The Globe caught fire due to a misfired cannonball in a performance of Henry VIII.
And you're right about the thin line between onstage drama and real life, especially in Shakespeare's time. There's a reason, for example, we never see Romeo and Juliet's wedding performed onstage.
Broadway Legend Joined: 5/15/03
You can almost write a play about the history of M*****h, the play .
Thanks to all - very interesting stuff.
I've been wanting to watch that video for ages, BlueWizard. The actors alone- wow.
After writing that long post, I went onto Amazon.com and purchased the DVD. It's touted as McKellen and Dench's very best work, and helped pave the way to their their respective knighthood and....um, damehood.

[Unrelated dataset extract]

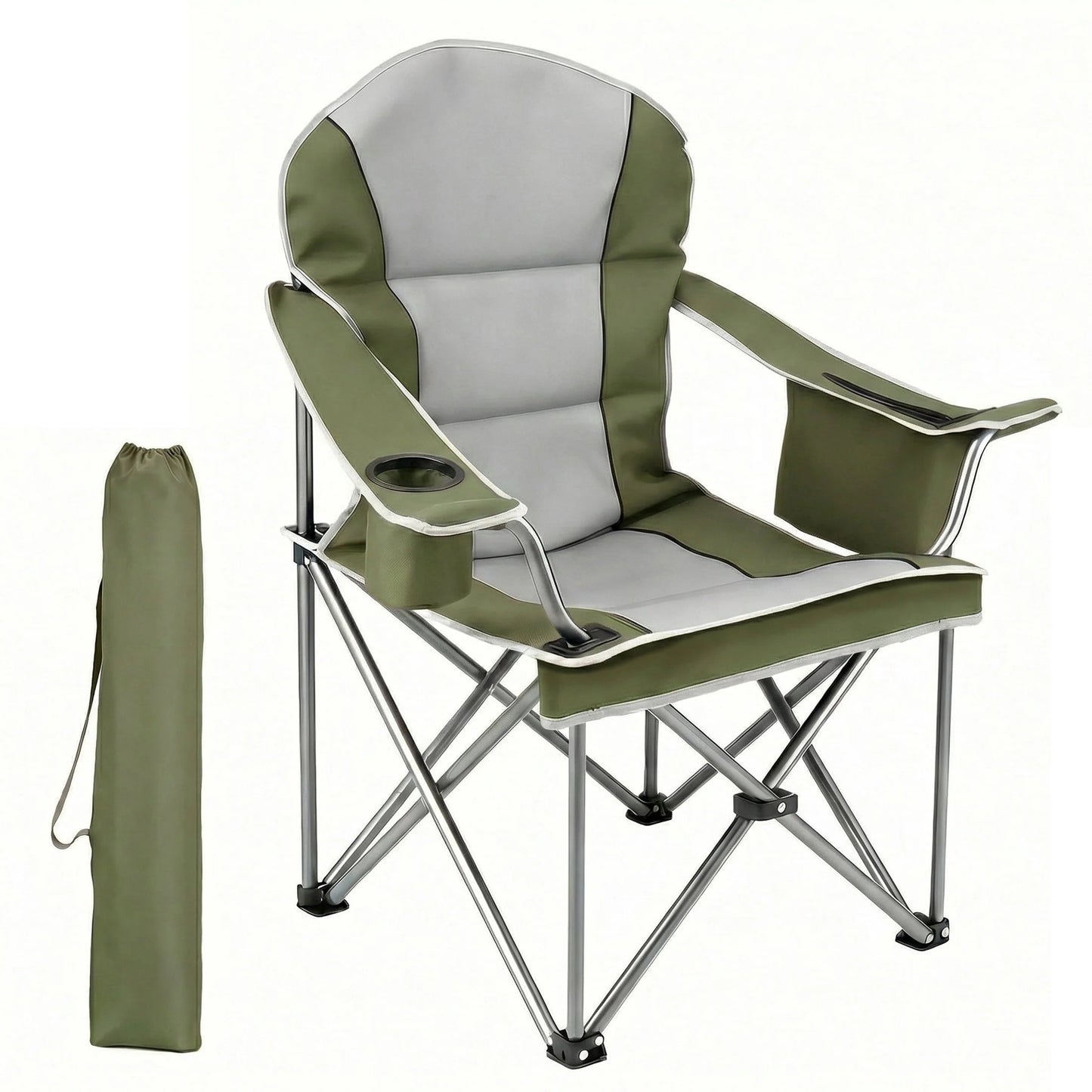Heavy Duty Camping Chair 500 Lb Capacity, Oversized Extra Wide for Adults, Padded High Back Folding Lawn Chair, 500 Lbs Steel Frame, Portable Outdoor Camping Chair with Cup Holder, Green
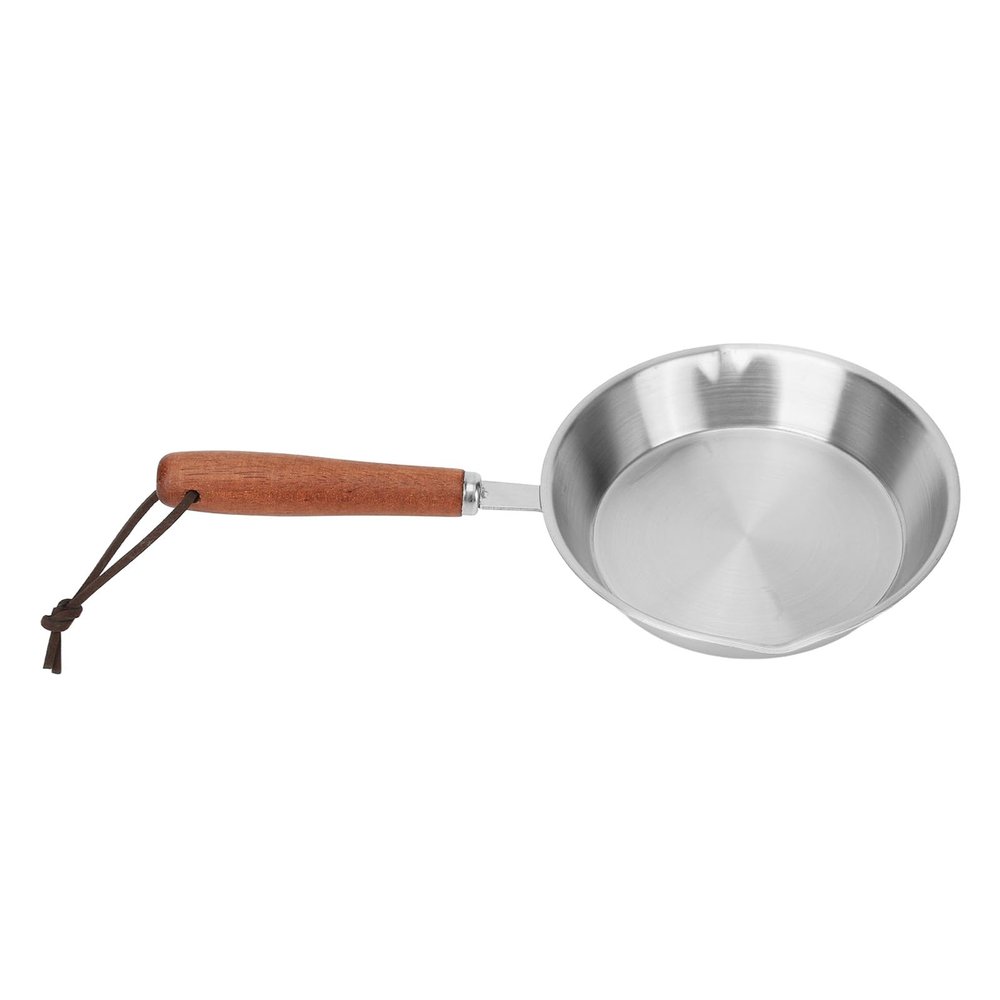 Aolidsive Stainless Steel Frying Pan with Wooden Handle, 12 cm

I also purchased the National Theatre's production of KING LEAR with Ian Holm, another video I highly recommend. It's one of the most stirring and intense renditions of that tragedy I've ever seen, and the video is beautifully shot as a half-half film-stage work. Holm is absolutely mesmerizing in the title role, even famously going nude during the storm scenes, as dictated by Shakespeare.
But back to "the Scottish play."
Macbeth! Just had to say it. I recently got over the superstition.
Whoa...this is kinda creepy..a couple weeks ago the drama geeks and I were discussing this during english class (for lack of anything better to do) and on a dare i went into the theatre and SCREAMED the "m-word" at the top of my lungs.....and then promptly fell off the stage, down the stairs and wound up pulling down the curtain....I learned my lesson.